What needs to be done
Which lines in the records below hold the word "screen"? Copy each of them.

[Short web captions]
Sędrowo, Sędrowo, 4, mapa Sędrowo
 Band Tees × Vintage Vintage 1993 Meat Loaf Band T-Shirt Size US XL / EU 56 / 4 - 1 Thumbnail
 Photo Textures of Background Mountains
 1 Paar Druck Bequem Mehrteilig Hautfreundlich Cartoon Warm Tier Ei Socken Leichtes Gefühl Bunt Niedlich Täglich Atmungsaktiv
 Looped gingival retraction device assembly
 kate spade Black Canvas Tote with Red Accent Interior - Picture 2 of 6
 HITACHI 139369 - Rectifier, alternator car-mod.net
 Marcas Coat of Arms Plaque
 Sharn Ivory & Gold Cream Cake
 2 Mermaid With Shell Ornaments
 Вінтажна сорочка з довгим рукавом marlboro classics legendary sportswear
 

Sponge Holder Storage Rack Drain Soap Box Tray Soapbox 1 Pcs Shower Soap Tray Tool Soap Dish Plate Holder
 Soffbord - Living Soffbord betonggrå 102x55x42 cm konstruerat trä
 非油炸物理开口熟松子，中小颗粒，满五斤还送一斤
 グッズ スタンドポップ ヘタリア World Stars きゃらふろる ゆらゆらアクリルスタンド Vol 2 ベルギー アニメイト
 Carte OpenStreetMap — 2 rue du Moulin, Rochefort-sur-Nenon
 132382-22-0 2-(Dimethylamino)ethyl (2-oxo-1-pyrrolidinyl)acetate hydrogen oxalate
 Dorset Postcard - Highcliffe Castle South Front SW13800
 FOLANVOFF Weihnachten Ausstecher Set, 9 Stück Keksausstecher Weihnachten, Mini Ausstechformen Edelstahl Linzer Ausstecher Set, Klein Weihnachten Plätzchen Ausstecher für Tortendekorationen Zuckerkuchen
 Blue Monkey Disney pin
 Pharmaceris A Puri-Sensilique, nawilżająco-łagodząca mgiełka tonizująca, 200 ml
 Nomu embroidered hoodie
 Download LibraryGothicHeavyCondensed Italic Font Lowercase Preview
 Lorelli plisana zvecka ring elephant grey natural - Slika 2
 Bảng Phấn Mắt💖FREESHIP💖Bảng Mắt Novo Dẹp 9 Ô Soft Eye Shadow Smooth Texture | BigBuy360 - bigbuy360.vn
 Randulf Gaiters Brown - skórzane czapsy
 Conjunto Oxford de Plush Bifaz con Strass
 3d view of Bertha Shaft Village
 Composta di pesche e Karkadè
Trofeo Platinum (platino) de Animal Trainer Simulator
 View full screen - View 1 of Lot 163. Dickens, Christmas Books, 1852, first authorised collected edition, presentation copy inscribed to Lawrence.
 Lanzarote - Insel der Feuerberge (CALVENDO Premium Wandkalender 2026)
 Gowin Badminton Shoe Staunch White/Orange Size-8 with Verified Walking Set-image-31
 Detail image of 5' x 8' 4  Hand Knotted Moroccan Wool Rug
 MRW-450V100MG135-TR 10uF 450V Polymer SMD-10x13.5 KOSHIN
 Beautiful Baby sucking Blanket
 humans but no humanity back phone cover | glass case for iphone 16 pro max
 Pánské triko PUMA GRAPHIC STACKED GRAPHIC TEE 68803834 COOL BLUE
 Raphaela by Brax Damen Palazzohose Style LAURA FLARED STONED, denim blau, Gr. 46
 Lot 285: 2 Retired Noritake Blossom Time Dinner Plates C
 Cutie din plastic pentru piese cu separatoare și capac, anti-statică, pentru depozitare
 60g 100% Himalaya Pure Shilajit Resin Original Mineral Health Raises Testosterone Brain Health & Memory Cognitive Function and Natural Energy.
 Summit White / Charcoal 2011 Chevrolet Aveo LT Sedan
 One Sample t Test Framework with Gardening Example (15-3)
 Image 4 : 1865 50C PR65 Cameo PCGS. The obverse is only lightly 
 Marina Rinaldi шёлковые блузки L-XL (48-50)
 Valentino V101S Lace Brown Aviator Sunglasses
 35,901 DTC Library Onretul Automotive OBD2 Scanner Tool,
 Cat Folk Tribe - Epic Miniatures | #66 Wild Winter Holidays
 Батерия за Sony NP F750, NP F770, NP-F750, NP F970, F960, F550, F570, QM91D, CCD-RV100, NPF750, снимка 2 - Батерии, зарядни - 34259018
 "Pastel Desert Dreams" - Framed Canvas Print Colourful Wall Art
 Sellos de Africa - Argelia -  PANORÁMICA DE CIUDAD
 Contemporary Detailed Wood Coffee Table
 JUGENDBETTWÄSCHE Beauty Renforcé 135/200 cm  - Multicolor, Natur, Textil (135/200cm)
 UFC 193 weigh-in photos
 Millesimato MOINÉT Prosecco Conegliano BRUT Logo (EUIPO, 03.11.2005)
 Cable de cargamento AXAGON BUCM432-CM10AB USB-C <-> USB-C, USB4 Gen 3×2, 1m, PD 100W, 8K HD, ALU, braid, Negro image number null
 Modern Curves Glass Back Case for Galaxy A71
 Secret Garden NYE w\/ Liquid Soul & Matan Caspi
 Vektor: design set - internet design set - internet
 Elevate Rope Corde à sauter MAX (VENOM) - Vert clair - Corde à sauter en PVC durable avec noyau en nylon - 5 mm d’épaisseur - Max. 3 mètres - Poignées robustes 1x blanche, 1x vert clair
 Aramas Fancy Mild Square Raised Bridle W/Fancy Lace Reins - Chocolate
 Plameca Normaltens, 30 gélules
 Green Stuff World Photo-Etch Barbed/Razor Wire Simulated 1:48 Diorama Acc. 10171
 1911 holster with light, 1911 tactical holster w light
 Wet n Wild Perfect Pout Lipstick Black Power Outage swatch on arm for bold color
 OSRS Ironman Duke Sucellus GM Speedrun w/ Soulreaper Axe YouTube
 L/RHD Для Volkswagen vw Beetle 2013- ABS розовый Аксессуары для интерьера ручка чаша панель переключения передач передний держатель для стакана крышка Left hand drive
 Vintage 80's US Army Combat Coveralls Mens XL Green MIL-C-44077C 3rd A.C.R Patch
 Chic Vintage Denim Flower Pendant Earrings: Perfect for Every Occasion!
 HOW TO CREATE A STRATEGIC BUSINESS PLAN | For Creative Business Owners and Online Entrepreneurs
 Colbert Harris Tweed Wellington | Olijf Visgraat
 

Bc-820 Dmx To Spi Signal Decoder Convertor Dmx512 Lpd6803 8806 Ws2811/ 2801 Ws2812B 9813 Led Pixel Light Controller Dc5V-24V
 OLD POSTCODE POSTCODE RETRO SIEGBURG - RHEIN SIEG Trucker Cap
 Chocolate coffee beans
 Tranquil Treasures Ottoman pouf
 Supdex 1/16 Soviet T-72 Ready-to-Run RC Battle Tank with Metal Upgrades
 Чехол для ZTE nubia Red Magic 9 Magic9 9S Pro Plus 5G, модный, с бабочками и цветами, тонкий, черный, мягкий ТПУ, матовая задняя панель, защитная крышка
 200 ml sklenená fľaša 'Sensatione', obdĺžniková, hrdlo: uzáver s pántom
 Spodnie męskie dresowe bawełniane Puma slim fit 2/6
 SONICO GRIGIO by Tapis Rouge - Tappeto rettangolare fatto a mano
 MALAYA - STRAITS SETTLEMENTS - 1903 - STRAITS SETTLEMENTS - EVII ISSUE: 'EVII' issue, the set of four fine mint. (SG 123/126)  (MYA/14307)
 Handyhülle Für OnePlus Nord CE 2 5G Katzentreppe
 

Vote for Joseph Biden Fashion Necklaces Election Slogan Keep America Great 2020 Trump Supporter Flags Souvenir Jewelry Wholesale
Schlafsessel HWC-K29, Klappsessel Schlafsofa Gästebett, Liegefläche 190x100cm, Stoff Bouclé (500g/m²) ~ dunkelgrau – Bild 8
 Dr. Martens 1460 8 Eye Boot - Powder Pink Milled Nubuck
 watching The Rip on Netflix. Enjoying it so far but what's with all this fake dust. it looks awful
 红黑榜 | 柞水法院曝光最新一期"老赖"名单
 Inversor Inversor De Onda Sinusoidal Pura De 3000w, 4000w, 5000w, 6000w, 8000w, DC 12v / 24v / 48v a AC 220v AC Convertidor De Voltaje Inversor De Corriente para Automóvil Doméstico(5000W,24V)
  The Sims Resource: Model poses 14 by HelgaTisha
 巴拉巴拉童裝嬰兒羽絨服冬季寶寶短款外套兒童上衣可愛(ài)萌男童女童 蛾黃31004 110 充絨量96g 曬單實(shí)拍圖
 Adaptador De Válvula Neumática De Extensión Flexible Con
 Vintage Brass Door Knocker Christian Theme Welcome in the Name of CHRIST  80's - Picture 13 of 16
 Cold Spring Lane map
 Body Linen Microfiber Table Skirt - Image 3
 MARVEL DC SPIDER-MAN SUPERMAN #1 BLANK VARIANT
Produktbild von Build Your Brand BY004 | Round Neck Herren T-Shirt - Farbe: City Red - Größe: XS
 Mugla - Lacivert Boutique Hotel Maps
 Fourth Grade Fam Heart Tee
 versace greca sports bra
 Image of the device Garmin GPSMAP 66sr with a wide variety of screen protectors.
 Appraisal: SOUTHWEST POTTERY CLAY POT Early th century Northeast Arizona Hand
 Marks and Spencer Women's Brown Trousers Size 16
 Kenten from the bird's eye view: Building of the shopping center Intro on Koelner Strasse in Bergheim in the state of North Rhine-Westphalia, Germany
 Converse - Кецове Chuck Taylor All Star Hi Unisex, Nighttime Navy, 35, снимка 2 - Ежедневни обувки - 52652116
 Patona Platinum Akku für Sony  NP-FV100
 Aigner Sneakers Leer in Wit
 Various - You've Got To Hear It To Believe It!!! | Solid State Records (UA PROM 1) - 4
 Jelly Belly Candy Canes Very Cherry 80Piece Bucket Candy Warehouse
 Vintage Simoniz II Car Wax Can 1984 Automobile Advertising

Answer to this exercise
 View full screen - View 1 of Lot 163. Dickens, Christmas Books, 1852, first authorised collected edition, presentation copy inscribed to Lawrence.
 Image of the device Garmin GPSMAP 66sr with a wide variety of screen protectors.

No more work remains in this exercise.